I always stress how important communication is: having the right people involved and the right processes established, rehearsed and embedded into your organization’s institutional memory can be the difference between recovering from an incident or not. This also applies to external communications. Traditionally, organizations have been reluctant to disclose when they’ve been compromised, but I’ve seen some great examples lately of organizations using social media, for instance, to let people know they were under attack.

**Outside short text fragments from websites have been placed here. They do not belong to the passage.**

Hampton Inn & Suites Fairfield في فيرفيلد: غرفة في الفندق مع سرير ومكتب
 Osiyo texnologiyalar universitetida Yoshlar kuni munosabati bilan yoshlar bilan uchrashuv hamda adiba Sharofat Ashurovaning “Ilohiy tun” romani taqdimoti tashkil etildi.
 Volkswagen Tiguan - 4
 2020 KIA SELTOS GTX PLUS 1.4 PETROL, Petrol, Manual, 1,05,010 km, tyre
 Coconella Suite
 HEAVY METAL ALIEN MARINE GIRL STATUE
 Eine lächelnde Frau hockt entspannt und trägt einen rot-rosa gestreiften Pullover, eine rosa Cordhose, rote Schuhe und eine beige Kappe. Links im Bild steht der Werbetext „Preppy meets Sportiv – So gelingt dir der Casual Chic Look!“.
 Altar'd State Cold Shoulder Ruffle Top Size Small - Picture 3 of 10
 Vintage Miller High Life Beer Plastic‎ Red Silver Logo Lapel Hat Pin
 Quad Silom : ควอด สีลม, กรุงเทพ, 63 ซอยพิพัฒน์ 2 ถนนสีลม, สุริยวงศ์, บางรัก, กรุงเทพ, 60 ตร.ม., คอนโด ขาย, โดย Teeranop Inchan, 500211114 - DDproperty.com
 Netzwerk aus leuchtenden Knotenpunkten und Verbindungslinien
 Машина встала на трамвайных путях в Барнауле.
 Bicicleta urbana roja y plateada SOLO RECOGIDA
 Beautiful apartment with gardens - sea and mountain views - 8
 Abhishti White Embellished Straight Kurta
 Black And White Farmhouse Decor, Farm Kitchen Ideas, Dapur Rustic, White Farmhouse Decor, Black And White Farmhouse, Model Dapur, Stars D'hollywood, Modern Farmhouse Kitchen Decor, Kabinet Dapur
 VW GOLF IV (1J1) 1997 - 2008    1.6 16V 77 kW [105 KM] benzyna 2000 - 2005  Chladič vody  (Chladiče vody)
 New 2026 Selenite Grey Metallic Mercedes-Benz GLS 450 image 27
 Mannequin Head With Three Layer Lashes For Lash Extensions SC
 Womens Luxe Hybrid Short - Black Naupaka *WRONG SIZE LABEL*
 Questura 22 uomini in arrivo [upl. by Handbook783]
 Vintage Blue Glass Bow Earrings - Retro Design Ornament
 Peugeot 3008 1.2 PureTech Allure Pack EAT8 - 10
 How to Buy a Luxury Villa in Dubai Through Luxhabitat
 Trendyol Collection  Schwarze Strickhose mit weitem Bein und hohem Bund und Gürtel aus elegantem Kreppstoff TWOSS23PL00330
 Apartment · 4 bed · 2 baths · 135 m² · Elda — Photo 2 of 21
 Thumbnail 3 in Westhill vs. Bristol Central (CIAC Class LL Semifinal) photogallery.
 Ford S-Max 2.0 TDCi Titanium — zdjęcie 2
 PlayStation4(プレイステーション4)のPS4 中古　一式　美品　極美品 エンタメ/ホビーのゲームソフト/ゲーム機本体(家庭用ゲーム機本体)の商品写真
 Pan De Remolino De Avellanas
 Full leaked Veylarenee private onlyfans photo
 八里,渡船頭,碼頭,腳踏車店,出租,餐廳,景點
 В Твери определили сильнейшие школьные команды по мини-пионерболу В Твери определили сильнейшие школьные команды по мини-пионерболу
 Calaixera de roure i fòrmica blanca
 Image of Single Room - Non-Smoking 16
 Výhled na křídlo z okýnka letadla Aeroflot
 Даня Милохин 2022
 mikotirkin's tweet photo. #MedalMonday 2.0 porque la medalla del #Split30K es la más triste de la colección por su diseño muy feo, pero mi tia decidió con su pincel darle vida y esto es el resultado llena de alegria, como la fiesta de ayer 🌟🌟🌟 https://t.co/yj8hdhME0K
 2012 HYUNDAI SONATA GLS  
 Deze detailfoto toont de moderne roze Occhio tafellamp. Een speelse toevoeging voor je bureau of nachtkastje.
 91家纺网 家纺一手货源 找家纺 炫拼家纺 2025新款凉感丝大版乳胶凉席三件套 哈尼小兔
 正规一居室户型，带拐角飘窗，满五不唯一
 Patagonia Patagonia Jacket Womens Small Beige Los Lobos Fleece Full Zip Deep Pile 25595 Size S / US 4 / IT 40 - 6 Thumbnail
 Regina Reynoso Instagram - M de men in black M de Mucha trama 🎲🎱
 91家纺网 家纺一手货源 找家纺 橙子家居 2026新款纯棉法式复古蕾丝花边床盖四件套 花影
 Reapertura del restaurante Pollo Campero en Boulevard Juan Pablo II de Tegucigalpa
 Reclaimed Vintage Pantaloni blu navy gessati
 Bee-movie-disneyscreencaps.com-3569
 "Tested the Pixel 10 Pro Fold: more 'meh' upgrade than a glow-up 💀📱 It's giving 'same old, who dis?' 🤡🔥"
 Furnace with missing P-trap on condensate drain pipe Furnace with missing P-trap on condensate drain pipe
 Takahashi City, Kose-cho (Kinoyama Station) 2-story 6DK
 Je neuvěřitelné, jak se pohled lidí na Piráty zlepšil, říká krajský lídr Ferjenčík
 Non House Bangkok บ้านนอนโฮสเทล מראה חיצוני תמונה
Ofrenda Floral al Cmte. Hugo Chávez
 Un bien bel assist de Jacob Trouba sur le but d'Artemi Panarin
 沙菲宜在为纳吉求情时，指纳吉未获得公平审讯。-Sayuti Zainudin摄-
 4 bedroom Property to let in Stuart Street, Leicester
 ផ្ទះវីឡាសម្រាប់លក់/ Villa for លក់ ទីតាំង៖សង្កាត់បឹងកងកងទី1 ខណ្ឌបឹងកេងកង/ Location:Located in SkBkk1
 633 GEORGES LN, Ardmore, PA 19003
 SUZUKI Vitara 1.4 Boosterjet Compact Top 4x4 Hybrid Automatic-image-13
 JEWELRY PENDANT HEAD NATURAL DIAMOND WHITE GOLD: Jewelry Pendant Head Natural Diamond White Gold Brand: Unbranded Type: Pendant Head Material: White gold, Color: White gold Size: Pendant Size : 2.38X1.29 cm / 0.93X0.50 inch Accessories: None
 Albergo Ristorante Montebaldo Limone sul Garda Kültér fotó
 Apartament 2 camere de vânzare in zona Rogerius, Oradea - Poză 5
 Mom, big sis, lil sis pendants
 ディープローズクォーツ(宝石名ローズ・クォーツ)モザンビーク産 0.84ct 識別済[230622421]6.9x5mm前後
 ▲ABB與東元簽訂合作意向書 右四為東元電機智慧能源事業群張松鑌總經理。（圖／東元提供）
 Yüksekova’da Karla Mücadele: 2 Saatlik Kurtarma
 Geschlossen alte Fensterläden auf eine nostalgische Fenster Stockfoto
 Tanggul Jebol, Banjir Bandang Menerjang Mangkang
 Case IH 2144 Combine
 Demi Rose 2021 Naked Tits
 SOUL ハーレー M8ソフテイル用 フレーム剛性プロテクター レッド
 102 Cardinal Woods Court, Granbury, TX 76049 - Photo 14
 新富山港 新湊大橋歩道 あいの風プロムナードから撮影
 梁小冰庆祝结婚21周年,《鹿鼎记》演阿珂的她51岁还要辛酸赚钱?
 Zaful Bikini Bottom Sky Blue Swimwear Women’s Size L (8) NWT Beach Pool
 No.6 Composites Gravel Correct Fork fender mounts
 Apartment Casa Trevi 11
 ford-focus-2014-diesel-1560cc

It’s always a question of ‘if, not when’ for cybersecurity, and this is why the industry has moved to an assume compromise mindset.  For responders, it’s a bit like being in a fire station: you’re waiting on the bench, then the call comes, and you have to just drop everything. That’s why I actually keep several pre-packed suitcases intended for different climates and lengths of stay, so I can grab one and go! Of course, I’m not travelling a lot right now, given the ongoing pandemic, but I’m just as busy. Fortunately, the vast majority of incidents can be investigated using data uploaded to our Azure platform.

When a customer is dealing with a cyber-incident, it can be a highly emotional time for everyone involved. Customers that deal with these situations well are those who already have a structured plan in place, which helps them stay focused on ensuring business continuity, rather than just reacting to the incident at hand.

I believe that automated threat detection and response capabilities, underpinned by tools like machine learning, have real potential to help us and our customers stay ahead of cyber threats. I’d like to see them adopted more widely as we face new challenges around defending democracy, fighting misinformation, and dealing with deep fakes. We should take whatever gives us an edge over the attackers.